■ Activity: Skip the pictures, and retype the data below in full, exactly.

- - -

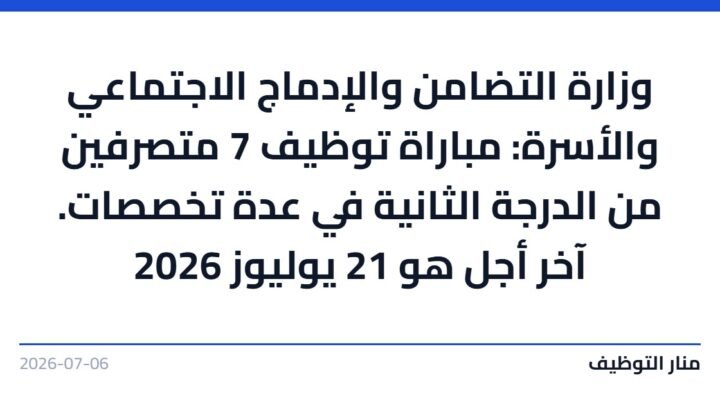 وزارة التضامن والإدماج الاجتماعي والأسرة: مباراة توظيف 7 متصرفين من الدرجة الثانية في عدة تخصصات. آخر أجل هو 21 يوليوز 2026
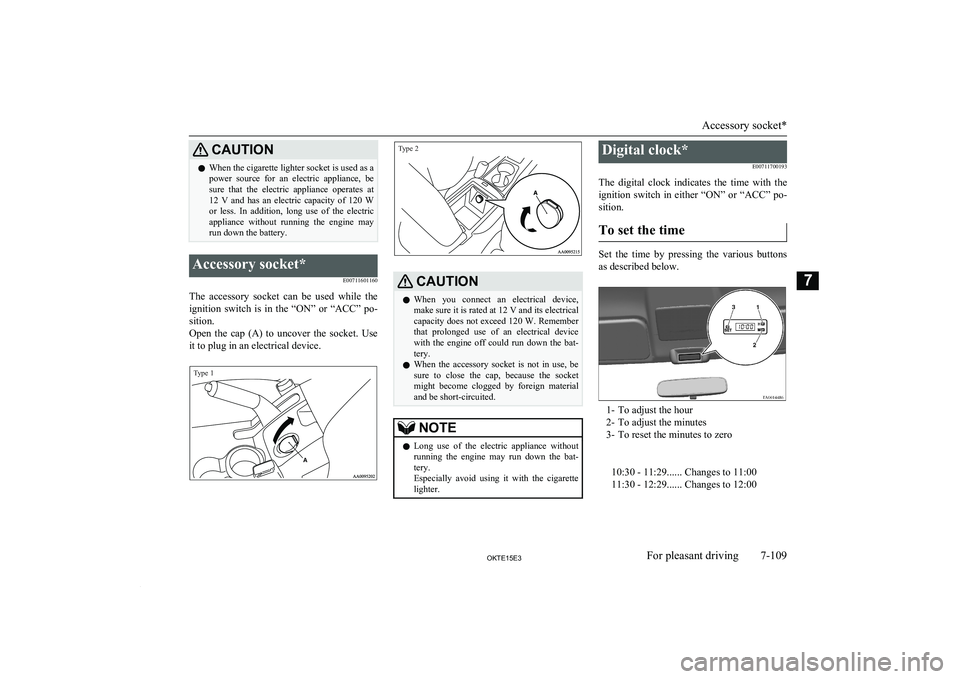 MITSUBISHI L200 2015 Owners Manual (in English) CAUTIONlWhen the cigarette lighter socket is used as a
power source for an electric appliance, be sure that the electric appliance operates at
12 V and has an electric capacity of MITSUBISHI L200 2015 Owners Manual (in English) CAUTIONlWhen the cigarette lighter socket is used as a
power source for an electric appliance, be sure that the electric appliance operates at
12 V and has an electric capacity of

- - -

■ Worked solution:
 وزارة التضامن والإدماج الاجتماعي والأسرة: مباراة توظيف 7 متصرفين من الدرجة الثانية في عدة تخصصات. آخر أجل هو 21 يوليوز 2026
 MITSUBISHI L200 2015 Owners Manual (in English) CAUTIONlWhen the cigarette lighter socket is used as a
power source for an electric appliance, be sure that the electric appliance operates at
12 V and has an electric capacity of MITSUBISHI L200 2015 Owners Manual (in English) CAUTIONlWhen the cigarette lighter socket is used as a
power source for an electric appliance, be sure that the electric appliance operates at
12 V and has an electric capacity of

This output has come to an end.